Sénégal : l’opposant Ousmane Sonko, inculpé, voit son parti dissous par le gouvernement
Ousmane Sonko s’adresse à ses partisans lors d’un meeting à Dakar, le 14 mars 2023. JOHN WESSELS / AFP
La pression augmente contre Ousmane Sonko. Le plus farouche opposant au président sénégalais, Macky Sall, a été inculpé et écroué lundi 31 juillet pour divers crimes dont l’appel à l’insurrection, et son parti a été dissous. M. Sonko, 49 ans, voit ainsi s’ouvrir une troisième procédure judiciaire à son encontre, qui risque de compromettre davantage sa participation à l’élection présidentielle de février 2024.

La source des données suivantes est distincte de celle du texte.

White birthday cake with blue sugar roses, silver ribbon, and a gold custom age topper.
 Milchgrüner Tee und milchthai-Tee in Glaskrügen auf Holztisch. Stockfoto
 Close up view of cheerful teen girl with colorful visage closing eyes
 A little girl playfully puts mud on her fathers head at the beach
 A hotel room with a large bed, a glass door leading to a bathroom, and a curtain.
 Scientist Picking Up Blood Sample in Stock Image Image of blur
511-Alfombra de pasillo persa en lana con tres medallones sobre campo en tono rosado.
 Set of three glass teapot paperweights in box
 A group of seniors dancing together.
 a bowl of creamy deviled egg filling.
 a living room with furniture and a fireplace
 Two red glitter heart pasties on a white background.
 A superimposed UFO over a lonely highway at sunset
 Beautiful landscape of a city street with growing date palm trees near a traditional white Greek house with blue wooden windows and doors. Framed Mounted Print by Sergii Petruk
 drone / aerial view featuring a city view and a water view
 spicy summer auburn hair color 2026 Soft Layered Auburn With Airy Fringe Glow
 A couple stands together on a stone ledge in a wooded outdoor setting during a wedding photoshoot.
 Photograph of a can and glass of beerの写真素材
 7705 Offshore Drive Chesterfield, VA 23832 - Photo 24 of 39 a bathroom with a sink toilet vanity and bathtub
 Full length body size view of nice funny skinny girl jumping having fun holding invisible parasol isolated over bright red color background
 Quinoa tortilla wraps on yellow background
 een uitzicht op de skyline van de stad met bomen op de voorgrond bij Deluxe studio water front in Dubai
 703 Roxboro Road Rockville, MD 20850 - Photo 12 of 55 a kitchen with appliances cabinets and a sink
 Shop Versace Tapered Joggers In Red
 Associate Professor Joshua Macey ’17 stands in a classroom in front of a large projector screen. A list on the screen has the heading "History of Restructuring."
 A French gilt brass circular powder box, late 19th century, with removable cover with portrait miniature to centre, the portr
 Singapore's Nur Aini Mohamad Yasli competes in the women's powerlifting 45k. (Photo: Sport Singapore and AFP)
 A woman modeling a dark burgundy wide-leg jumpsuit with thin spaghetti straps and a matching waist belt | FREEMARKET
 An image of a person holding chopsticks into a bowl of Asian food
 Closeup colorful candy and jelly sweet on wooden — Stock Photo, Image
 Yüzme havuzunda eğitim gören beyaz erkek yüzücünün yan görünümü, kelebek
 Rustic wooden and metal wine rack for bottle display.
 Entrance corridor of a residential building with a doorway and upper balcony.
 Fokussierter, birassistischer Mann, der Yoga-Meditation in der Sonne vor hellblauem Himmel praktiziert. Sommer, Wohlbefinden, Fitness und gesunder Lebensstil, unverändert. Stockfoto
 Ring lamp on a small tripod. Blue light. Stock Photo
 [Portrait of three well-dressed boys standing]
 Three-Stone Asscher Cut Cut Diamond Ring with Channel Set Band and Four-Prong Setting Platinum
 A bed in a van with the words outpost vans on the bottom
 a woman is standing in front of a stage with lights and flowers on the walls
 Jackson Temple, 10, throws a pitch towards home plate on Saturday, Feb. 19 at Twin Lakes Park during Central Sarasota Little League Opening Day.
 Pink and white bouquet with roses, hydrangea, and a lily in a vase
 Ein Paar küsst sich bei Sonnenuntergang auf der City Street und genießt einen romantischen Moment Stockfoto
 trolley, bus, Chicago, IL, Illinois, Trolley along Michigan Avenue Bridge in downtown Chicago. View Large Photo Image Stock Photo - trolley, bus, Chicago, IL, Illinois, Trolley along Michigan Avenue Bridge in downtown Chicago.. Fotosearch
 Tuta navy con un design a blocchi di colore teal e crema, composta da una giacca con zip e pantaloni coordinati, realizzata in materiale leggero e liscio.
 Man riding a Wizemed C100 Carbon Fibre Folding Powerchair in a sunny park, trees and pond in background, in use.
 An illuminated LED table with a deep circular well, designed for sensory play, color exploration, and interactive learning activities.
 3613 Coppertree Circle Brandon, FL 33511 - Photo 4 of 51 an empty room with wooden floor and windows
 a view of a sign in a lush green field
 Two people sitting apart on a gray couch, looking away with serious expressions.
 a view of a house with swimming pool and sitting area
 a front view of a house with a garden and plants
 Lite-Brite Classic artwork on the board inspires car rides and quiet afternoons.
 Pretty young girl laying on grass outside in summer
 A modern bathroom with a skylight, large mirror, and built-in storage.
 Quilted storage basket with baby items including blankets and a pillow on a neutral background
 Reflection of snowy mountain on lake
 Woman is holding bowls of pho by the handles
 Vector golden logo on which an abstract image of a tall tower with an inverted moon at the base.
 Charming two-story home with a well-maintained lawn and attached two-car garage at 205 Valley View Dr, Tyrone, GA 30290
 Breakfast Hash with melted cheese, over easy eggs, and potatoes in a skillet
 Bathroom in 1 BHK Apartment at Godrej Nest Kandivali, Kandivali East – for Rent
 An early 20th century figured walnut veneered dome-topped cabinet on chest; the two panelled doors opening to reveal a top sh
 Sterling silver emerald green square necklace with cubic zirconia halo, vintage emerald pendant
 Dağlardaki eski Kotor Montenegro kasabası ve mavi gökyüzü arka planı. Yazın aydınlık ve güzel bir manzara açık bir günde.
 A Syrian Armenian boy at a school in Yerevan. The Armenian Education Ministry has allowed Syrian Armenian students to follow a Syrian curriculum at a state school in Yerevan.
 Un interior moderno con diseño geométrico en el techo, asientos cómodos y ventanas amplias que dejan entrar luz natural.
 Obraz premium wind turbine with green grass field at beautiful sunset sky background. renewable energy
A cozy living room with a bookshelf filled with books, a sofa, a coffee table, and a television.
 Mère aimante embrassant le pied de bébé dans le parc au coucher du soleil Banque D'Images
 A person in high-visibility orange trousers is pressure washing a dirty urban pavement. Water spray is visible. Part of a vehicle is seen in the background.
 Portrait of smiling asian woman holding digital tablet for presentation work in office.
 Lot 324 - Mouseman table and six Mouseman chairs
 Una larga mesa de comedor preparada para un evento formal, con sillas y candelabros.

Moins de deux heures après l’inculpation de M. Sonko, le ministre de l’intérieur, Antoine Diome, a annoncé dans un communiqué la dissolution de son parti, le Pastef, créé en 2014, justifiant sa décision par les appels « fréquents » de son fondateur à des « mouvements insurrectionnels » qui ont fait selon lui de nombreux morts en mars 2021 et juin 2023 et entraîné « des actes de saccage et de pillage de biens publics et privés ».
Le parti de M. Sonko a réagi dans un communiqué transmis à l’Agence France-Presse (AFP). La « stabilité [du Sénégal] est désormais compromise, car le peuple n’acceptera jamais cette ultime forfaiture », écrit le parti, dénonçant un emprisonnement « sous des motifs fallacieux » et disant prévoir d’attaquer la dissolution par des « voies légales ».
L’opposant avait été condamné le 1er juin à deux ans de prison ferme dans une affaire de mœurs, un verdict qui le rend inéligible en l’état, selon des juristes. Sa condamnation avait engendré les troubles les plus graves depuis des années au Sénégal, qui ont fait seize morts selon les autorités, une trentaine selon l’opposition.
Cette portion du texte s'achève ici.